É interessante, porém, ele falar em “segurança alimentar”, inclusive afirmando – verdade ou não – que já comeu o “alimento”. O problema é que Doria Jr traz aos alimentos aquela velha – e errada – oposição entre “segurança” e “dignidade”. Um alimento pode ser seguro, e até nutritivo, mas não respeitar o principio da dignidade da pessoa humana. E os astronautas?
Quando falamos em direitos é imprescindível ter em conta o contexto social. Uma coisa é precisar comer “alimento liofilizado” (ração) no espaço, um ambiente inóspito, e outra coisa é comer ração num país que é uma potência na produção de alimentos. O Brasil é um país onde não só não se pode aceitar que alguém passe fome, como não se pode aceitar que alguém coma mal. A situação se agrava quando se trata da cidade mais rica do País.
Churrascarias, jantares a luz de velas, feiras gastronômicas ou santas ceias são a prova de que se alimentar é muito mais do que encher o estômago e absorver nutrientes.
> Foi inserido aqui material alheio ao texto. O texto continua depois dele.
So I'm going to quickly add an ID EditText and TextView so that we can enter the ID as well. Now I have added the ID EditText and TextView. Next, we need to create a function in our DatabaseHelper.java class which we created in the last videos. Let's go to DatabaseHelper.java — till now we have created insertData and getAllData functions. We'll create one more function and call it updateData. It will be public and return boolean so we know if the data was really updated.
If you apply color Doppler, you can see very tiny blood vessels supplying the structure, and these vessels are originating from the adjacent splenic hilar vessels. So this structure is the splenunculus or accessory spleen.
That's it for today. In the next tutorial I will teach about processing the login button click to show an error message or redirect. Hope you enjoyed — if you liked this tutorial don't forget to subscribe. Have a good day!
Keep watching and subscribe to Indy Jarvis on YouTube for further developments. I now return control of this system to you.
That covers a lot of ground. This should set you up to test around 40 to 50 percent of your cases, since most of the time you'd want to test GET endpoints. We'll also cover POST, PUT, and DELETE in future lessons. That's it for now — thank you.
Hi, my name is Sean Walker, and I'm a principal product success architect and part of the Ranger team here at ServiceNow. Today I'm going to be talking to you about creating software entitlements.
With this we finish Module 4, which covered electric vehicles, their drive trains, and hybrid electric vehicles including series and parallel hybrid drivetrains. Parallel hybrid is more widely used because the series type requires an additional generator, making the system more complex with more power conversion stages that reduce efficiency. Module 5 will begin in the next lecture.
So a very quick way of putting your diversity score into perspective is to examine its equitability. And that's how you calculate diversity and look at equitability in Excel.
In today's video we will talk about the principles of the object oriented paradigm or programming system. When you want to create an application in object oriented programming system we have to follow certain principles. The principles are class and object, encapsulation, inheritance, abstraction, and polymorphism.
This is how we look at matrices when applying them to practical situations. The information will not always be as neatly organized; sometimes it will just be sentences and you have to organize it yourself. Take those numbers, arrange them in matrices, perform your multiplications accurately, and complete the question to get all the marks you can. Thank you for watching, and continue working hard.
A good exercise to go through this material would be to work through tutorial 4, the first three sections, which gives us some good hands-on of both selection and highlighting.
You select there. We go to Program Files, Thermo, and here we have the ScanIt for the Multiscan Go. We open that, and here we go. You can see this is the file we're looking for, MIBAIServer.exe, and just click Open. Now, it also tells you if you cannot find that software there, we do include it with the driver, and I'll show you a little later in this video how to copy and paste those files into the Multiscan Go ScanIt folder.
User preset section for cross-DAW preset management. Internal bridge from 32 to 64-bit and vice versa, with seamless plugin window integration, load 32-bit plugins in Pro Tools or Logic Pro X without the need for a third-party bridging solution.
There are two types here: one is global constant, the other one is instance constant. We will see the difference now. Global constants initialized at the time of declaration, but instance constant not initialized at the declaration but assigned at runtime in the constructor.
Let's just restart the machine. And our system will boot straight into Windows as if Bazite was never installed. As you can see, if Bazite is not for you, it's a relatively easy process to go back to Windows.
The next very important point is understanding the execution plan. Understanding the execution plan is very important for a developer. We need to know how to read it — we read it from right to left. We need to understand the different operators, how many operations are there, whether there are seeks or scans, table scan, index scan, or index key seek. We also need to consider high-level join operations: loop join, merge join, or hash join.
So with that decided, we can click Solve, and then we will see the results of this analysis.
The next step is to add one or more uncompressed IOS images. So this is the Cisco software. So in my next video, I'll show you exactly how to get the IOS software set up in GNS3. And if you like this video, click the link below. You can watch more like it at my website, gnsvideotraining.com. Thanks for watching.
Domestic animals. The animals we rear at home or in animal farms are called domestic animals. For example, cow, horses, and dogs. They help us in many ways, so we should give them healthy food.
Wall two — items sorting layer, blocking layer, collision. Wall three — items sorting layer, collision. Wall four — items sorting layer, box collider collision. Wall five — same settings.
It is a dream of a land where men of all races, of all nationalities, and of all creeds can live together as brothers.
Comer é um fenômeno social-cultural. Criar uma distinção em que determinada classe come mais como um animal do que como o prefeito de São Paulo.
Não basta não deixar morrer de fome, é preciso garantir uma vida digna a todos. O sistema de seguridade social que é previsto na nossa Constituição Federal, que tem como um de seus três eixos a Assistência Social, não é compatível com a passividade do cidadão dependente da assistência Social. O que diferencia o “Alimento para Todos”, do Doria, do “Bolsa Família”, do governo Lula, é que o programa [de transferência de renda] Bolsa Família garante autonomia aos beneficiários, no “Alimento para Todos”, não. Administração familiar de dinheiro é uma coisa, de “granulado” é outra.
Distribuindo à população alimentos que nem seus cinco cachorros comem, João Doria tenta resolver a questão de “dar a vara” ou “dar o peixe” da pior forma possível: ele dá a “isca amarrada no anzol”.